Dadam estimated about 30 of the Hands of Hope volunteers were at Pauquette Park on Monday afternoon, and many of them were on the roof.
Hands of Hope is working under the auspices of River of Life Church – where many of the volunteers are staying this week – and the Minnesota-Wisconsin Baptist Convention.
Murphy said plans call for city officials to seek bids for the restroom renovation only.
The project would not change the building’s footprint, he said, but it would entail remodeling the interior of the men’s and women’s restrooms to create one accessible stall in each.
The restroom work is part of a larger project at Pauquette Park, to build a multi-use performing arts pavilion.

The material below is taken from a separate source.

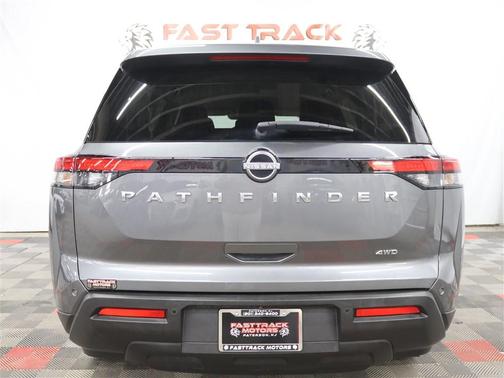2022 Nissan Pathfinder S 4WD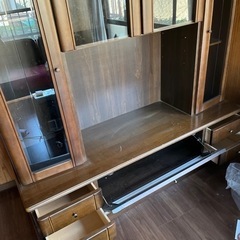 応接間で使用してたテレビ置付きの棚になります。値下げします3000円の画像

The Portage Service Club Association has agreed to raise money to pay the full cost of the pavilion. The group had also originally included creating accessible restrooms in the project, but an opportunity to work on the shelter and restrooms, before the money is raised to start work on the shelter, presented itself to the city’s Parks and Recreation Board late last year.
The service clubs’ group and the Bidwell Foundation had planned to share a portion of the cost of the restroom and shelter project, with the city contributing about $33,000 to the endeavor.
The money and in-kind contributions for the project, including the Hands of Hope labor, would count toward the city’s match for a grant city officials are seeking from the state of Wisconsin, for a system of multi-use trails in Pauquette Park.
“We’re really grateful to Scott and his group, as well as Bidwell and the PSCA,” Murphy said.